Over the years GW has had a lot of different mechanics to represent Stealth on the tabletop. Today we’re taking a look back at how they represented Stealth over the years – and how the new Genestealer Cults are completely changing the game.
In Warhammer 40,000, representing how a stealth unit or a “sneaky git” would work mechanically in game has been tricky. For the most part, the game is played with fairly open information – if you want to set something up in a special “ambush” or “deepstrike” or “reserve” you generally have to declare that and let your opponent know what you’re doing. Or the concept of stealth was applied to units in different ways by giving them a bonus move or modifying their armor or “to be hit” roll.
Many of these mechanics were introduced in earlier iterations of 40k and have changed names but still work the same mechanically. Today, we’re taking a look back at these mechanics and how they have been used. Then we’re going to look at the new Genestealer Cult Rules and why they might be the most game changing rules to represent stealth in 40k.
Deepstrike/Off-Board Deployment/Tactical Reserves
Whatever you want to call this rule, it’s basically the same in-game mechanic: Setup the unit anywhere on the tabletop. In 8th edition, this unit typically can’t be within 9″ of an opponent. But in previous editions you could pick a point on the board and use the scatter dice to determine if they “hit” or if they missed their mark (any by how wide a margin). This was a pretty straight forward way to represent a stealth unit as they might have been laying in wait to strike when the opponent least expected it – maybe they were there the whole time! We still see this used in a similar form or fashion with the “stealth” units today.

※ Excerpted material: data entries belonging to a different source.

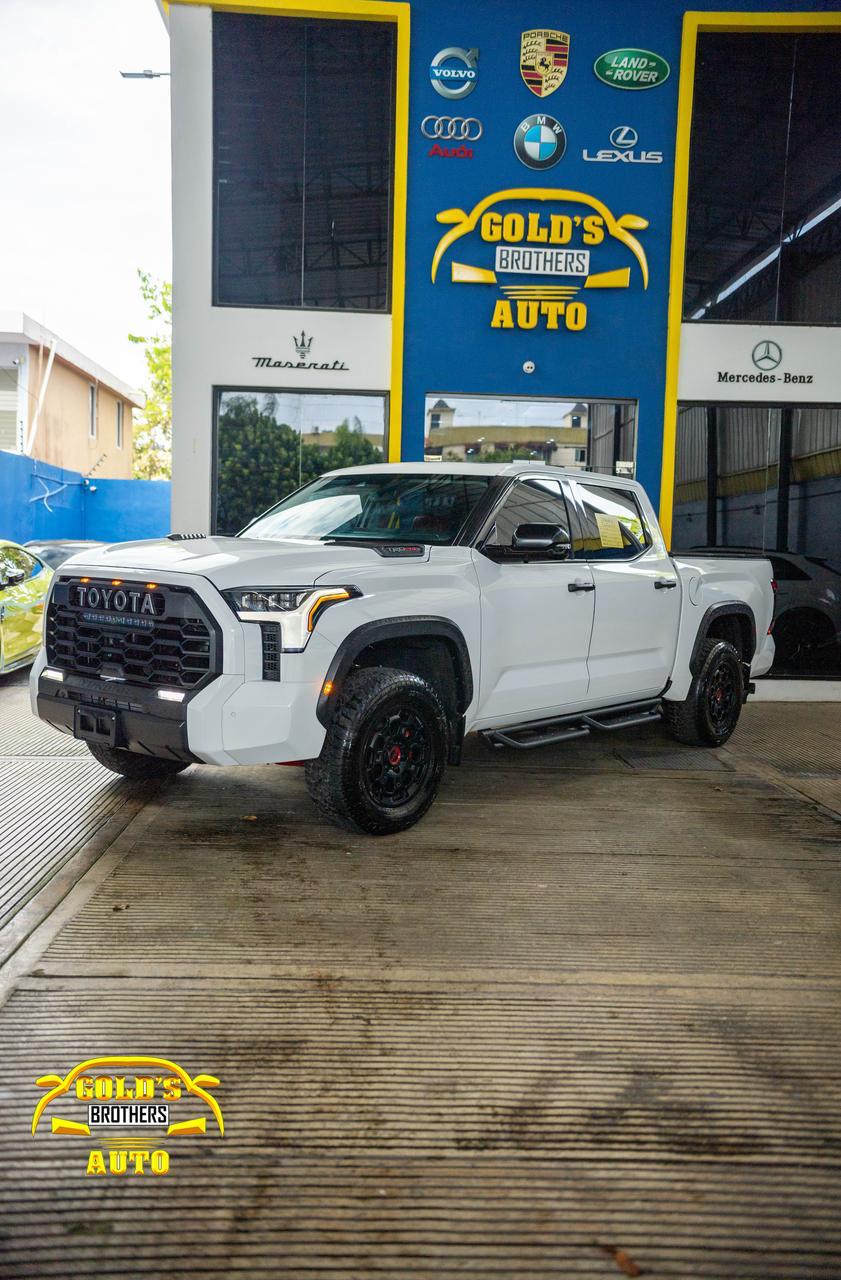 jeepetas y camionetas - Toyota Tundra TRD Pro 2023 Recien Importada 2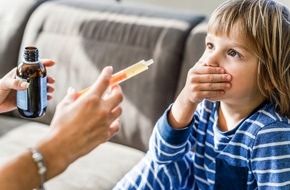 Wort & Bild Verlagsgruppe - Gesundheitsmeldungen: So klappt´s auch mit dem Zäpfchen / Den Kindern Medizin zu verabreichen geht leichter, wenn Eltern einige Tricks anwenden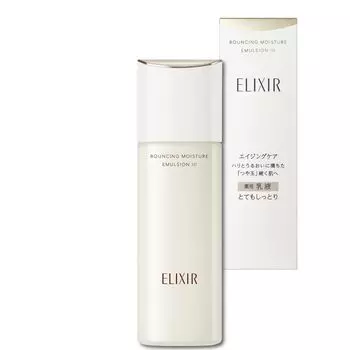 ELIXIR SUPERIEUR Lift Moist Emulsion SP 3 Moist 130 мл Эмульсия Транексамовая кислота Упругость Увлажнение Уход за кожей со старением Shiseido (Очень Тип) Квази-лекарство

Infiltrate/Scout/Pre-Game Bonus Move
Infiltrate and Scout used to be two different rules – but for the purposes of this article, we’re lumping them in the same category. Infiltrate would allow you to deploy after the enemy deployed – and you could typically drop in outside of your deployment zone or had some type of extra distance for your Infiltrating units. Scout used to be that you would get a pre-game move of some type as well. Regardless, this mechanic is still in place as some type of bonus pre-game move. For stealth units, this is still used to represent how they can sneakily work their way into positions ahead of time. It’s a similar concept as Tactical Reserves, only they typically start the game ON the board vs off-board.
One other type of deployment trick involves a unit coming in from a board edge. For the truly stealthy units, it could even be the opponent’s table edge. Typically, they would enter from a board edge and get a movement, but they couldn’t end within 6″ of an enemy unit. In 8th, their might be similar restrictions but now it’s a 9″ barrier. These types of rules are still in effect today and the power of an “outflanking” stealth unit is undeniable as it can make your opponent stay in the middle of the table to avoid getting surprised by one of those units.
Modified To-Hit/Armor Saves
Stealthy units sometimes get a rule that makes them harder to hit from ranged attacks. The Raven Guard/Alpha Legion have an ability that makes them -1 to be hit for attacks over 12″ away, but there are other abilities that do similar things. Some stealthy units might get a bonus to their armor save while they are in cover. For example a unit of Space Marine Scouts with camo cloaks gets a +2 to their armor save instead of just +1. Mechanically, both of these types of rules are modifying a die roll instead of a movement or deployment ability. The Aeldari have a vehicles that benefit from similar rules not because of their stealth but because of their speed.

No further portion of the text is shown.